Quelque part dans une exploitation minière, avec des terrils, un hiver enneigé, de nuit, il se produit une grande explosion. Les habitants de la petite ville s’arrêtent tous au beau milieu de leur occupation, y compris ceux dans la rue et ils voient une colonne de fumée noire s’élever au-dessus de l’accès d’un puits. La sirène d’alarme se met à hurler. L’ingénieur responsable se précipite devant la cage pour voir l’équipe qui remonte du fonds. Il s’adresse au chef Porion et lui demande ce qui se passe. Le chef mineur répond que personne ne sait, voilà seulement les équipes qui remontent, et il interroge Casimir. Ce dernier indique qu’ils ont eu chaud, ils ont été drôlement secoués. Il ajoute : C’est pas normal ce qui s’est passé là, c’est pas un coup de grisou, ça ! En bas, ils ont entendu un grand rire, juste avant l’explosion, un rire de dément. Comme si la folie s’était introduite dans la galerie… Au fond de ladite galerie, derrière un éboulement, un homme avec un foulard devant le visage se félicite : il a réussi ! Personne n’a pu l’arrêter, même pas eux, les sorciers et les charlatans, qui le guettent depuis des siècles. Ils vont chercher à le retrouver, mais il sera trop tard. Son corps se recomposera devant ses yeux, et il sera le dépositaire de ses secrets. Il faut qu’il tienne. Mais il y a cette étrange faiblesse qui le reprend. L’homme masqué perd connaissance.

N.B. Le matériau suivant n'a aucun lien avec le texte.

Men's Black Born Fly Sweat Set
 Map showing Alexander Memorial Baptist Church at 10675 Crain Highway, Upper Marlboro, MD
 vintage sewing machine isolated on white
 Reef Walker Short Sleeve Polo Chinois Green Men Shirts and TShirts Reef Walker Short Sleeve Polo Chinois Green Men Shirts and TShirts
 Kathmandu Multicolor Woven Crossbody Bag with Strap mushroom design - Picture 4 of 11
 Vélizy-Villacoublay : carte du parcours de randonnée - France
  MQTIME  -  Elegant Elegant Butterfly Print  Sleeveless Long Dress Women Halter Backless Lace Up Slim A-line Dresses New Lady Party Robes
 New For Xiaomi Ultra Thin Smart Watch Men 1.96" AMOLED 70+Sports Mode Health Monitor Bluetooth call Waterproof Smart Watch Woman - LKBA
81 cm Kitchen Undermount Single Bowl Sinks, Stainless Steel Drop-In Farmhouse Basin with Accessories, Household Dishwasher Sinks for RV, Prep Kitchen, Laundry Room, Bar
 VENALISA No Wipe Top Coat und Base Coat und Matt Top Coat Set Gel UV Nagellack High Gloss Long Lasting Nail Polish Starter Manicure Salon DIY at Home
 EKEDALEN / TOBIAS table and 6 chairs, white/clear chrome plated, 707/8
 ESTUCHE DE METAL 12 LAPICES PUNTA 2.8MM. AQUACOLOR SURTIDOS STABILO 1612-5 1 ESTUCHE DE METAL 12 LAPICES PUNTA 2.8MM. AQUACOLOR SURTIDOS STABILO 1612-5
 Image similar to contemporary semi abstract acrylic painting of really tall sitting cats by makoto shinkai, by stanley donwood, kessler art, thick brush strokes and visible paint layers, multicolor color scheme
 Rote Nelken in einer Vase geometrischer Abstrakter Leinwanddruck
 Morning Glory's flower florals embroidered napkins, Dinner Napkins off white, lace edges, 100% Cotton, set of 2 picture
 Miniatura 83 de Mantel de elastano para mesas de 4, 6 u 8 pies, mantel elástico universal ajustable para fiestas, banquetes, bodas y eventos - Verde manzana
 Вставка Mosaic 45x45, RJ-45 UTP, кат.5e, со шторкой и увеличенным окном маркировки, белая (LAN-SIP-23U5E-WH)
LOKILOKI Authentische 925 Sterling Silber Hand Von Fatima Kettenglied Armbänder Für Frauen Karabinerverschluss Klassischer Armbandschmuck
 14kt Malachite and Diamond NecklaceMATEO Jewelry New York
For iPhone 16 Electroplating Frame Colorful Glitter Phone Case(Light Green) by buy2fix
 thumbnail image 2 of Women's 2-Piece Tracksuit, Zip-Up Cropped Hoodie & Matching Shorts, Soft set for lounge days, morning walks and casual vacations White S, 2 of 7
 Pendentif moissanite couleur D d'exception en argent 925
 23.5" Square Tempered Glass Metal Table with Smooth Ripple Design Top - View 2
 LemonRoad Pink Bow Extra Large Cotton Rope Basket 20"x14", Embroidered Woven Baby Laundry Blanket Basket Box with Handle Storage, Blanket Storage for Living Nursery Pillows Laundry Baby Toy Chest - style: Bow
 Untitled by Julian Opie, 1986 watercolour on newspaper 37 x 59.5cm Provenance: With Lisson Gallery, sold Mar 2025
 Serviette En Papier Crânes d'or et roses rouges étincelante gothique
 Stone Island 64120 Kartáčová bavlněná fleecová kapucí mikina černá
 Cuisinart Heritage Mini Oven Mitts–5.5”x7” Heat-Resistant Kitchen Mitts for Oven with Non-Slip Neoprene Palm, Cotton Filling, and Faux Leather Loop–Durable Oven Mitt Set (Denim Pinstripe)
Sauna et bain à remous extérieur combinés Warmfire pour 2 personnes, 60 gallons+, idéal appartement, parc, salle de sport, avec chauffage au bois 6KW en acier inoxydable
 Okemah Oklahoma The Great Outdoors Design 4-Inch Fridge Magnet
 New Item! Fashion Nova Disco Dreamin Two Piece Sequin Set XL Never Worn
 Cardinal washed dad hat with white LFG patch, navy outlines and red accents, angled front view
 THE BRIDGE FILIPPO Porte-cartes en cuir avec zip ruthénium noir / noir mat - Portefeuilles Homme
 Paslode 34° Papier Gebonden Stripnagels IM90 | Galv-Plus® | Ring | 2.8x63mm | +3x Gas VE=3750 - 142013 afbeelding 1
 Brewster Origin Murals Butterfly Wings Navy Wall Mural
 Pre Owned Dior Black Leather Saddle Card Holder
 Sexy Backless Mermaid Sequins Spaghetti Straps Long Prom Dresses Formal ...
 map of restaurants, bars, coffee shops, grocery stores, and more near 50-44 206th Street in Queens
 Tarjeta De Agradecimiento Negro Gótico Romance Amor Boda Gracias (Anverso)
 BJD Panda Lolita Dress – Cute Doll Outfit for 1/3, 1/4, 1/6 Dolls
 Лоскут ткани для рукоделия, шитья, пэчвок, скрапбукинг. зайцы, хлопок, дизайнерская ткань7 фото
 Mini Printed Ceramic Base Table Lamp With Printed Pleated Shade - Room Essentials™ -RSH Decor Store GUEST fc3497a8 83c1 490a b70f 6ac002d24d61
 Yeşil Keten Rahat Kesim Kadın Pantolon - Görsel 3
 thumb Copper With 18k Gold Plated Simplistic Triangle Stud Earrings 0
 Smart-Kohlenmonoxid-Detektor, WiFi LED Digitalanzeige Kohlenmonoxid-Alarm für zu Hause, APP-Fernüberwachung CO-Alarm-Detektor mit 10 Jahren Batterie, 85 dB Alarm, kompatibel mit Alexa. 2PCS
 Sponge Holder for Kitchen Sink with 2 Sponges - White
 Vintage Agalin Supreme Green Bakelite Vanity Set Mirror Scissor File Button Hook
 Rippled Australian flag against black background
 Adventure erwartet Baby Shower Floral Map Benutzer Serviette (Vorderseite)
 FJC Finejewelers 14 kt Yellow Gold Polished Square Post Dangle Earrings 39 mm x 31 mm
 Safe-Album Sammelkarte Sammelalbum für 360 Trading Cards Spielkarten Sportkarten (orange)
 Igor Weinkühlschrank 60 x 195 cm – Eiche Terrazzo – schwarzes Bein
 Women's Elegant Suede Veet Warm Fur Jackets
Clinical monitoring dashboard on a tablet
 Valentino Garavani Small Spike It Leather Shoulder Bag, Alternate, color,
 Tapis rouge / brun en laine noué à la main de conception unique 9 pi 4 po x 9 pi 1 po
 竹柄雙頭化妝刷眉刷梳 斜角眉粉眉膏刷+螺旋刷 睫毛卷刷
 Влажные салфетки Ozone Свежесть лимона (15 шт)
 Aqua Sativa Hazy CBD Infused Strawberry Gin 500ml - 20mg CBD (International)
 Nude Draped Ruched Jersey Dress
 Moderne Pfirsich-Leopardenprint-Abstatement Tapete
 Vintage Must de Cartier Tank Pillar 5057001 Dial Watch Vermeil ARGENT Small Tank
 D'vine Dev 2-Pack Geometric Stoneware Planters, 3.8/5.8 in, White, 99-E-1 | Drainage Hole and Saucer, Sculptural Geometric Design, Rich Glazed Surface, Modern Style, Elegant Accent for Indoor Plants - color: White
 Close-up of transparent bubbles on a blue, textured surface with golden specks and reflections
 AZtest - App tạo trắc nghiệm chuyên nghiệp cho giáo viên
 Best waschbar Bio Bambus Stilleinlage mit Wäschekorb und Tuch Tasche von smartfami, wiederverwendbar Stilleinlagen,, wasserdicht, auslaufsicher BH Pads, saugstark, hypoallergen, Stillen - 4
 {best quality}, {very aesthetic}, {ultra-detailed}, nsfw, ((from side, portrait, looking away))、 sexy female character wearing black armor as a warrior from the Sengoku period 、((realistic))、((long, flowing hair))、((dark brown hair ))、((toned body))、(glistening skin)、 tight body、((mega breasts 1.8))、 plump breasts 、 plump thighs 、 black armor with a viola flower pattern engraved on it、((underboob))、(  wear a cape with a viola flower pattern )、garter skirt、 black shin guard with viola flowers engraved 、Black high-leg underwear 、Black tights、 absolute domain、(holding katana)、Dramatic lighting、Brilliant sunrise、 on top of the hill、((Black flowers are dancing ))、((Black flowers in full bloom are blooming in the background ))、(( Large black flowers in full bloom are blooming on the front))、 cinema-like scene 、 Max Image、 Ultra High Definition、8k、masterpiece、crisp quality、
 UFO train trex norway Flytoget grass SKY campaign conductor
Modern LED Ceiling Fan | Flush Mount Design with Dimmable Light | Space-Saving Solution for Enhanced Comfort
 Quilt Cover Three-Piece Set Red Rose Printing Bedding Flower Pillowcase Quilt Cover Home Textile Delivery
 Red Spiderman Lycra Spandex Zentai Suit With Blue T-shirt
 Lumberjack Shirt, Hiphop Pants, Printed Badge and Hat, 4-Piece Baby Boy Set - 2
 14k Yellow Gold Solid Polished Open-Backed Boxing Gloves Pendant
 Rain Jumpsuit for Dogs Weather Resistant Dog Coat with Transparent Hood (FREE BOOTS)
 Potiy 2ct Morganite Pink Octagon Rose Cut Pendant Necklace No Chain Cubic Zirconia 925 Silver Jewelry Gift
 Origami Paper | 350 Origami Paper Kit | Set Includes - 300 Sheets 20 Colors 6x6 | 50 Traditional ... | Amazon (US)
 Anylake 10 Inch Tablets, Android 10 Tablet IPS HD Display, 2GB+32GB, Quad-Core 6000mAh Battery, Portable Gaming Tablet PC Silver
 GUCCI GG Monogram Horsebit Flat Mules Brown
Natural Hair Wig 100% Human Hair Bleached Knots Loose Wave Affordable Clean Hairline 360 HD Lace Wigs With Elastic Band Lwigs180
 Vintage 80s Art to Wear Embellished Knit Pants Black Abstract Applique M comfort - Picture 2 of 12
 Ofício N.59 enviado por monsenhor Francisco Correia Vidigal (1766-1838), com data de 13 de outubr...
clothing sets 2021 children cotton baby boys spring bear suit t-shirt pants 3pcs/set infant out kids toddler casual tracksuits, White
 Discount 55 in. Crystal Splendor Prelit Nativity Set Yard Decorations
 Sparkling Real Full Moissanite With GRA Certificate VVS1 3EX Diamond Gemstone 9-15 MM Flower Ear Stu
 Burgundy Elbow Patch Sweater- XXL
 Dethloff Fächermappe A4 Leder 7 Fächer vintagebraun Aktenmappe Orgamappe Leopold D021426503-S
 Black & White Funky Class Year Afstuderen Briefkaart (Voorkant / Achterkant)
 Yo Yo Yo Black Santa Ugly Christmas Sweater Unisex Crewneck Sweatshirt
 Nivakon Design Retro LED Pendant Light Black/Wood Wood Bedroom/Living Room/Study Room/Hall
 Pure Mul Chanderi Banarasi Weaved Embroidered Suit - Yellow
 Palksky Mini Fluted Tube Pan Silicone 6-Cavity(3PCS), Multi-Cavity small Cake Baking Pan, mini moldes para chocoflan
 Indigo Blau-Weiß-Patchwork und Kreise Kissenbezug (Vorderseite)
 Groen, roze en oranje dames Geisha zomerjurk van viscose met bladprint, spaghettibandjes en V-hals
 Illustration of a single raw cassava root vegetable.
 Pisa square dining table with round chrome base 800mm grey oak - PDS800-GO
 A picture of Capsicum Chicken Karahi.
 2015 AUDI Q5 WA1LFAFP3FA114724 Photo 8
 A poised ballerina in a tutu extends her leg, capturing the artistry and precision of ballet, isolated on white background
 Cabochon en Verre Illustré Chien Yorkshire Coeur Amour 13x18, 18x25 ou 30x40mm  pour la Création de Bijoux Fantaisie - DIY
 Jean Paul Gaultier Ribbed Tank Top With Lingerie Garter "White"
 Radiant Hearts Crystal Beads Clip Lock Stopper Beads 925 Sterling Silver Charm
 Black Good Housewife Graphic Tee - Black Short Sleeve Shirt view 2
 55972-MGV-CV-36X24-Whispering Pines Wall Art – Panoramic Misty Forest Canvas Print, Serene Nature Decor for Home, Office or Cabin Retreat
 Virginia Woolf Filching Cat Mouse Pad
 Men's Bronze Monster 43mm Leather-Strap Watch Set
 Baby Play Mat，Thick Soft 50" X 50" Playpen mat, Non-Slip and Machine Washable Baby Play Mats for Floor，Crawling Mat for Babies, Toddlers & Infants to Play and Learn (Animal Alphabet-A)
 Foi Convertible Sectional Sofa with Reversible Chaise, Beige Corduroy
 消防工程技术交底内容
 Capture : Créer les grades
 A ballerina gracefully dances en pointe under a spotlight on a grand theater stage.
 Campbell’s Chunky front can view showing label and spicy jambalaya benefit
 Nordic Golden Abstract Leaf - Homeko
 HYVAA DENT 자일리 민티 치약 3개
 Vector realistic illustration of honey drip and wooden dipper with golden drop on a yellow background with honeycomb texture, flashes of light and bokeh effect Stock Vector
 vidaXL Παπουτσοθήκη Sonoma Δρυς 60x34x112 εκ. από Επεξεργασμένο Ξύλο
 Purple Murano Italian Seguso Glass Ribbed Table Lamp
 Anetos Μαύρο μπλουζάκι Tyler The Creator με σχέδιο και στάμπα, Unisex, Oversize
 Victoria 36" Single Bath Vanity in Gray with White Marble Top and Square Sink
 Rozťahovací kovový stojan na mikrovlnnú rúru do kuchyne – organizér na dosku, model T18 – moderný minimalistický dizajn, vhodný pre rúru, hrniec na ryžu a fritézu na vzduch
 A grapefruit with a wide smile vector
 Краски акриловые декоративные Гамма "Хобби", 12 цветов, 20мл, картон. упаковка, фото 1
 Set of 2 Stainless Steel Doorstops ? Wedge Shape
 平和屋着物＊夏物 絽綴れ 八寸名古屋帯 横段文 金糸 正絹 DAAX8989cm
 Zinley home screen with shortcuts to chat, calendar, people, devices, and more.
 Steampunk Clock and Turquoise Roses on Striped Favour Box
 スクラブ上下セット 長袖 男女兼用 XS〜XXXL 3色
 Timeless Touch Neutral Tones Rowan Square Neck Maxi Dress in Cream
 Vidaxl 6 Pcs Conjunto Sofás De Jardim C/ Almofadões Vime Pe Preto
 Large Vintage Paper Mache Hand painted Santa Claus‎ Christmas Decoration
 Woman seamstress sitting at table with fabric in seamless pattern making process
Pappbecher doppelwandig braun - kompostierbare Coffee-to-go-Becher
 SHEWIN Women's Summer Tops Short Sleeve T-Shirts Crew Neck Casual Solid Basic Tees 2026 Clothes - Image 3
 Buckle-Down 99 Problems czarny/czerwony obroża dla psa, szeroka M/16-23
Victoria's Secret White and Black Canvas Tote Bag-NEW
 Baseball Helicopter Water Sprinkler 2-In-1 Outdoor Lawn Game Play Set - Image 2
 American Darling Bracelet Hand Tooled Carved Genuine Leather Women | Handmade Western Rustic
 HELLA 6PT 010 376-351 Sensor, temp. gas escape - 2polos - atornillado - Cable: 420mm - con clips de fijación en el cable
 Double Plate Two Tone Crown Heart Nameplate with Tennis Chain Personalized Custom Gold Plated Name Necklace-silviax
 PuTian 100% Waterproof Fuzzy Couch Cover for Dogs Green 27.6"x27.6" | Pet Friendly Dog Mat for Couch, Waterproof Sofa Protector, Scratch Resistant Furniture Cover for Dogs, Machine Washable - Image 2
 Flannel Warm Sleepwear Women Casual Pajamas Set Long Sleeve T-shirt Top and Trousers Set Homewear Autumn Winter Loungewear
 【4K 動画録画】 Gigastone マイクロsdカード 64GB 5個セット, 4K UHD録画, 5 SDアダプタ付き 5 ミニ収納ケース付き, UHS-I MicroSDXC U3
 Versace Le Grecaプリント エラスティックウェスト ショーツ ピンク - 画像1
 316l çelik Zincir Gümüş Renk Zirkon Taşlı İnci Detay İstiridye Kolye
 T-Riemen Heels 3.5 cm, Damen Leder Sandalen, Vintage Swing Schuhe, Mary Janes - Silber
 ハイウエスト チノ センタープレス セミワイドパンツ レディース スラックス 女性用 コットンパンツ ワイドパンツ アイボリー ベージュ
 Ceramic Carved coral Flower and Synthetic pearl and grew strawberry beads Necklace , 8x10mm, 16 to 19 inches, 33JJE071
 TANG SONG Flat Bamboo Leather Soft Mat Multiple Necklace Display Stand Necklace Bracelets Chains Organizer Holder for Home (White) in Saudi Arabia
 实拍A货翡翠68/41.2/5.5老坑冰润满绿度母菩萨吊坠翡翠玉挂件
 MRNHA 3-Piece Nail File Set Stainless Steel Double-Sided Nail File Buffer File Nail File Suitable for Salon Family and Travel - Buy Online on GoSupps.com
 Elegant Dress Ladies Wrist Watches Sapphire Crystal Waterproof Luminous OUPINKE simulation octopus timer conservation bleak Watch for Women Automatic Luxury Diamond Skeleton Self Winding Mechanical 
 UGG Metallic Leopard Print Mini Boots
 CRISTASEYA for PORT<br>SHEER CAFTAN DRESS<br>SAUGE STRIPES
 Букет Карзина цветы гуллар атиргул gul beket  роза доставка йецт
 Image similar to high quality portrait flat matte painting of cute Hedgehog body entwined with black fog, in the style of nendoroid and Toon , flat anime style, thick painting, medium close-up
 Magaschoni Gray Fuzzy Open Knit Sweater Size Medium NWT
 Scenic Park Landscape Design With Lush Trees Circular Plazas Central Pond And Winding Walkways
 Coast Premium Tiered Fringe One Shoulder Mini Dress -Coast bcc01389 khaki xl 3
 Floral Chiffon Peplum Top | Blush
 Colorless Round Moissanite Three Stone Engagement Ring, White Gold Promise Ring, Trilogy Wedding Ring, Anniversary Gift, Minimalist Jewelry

Dans les bureaux de l’entreprise, le mineur continue ses explications : ils travaillaient au fond du puits 24 et ils venaient tout juste de couper une veine quand, tout à coup, il y a eu cette détonation. Les boisages ont commencé à vibrer. Ils n’ont eu que le temps de se jeter dans la cage et de tirer la sonnette. Tout s’est écroulé derrière eux. Pourtant ils avaient pris toutes leurs précautions. L’ingénieur réfléchit à voix haute : il n’y avait pas de dynamitage prévu dans ce coin-là, il ne comprend pas ce qui a pu se produire. Il reste à attendre que les équipes de secours remontent. Au fond de la mine, trois mineurs fouillent les décombres : ils ont la surprise de voir arriver un homme titubant, parlant en anglais et évoquant la similitude avec un portemanteau, deux sens tassés dans un seul monde. L’homme est emmené à l’infirmerie et allongé dans un lit. L’ingénieur vient lui rendre visite. L’infirmière lui commente son état : des contusions, quelques ecchymoses, rien de bien grave au plan physique, du moins. Par ailleurs, il semble profondément choqué. Les soignants lui ont donné un sédatif, mais il continue de s’agiter, et la fièvre ne cesse de monter. L’ingénieur n’y comprend plus rien : que faisait un Anglais au fond de la mine ?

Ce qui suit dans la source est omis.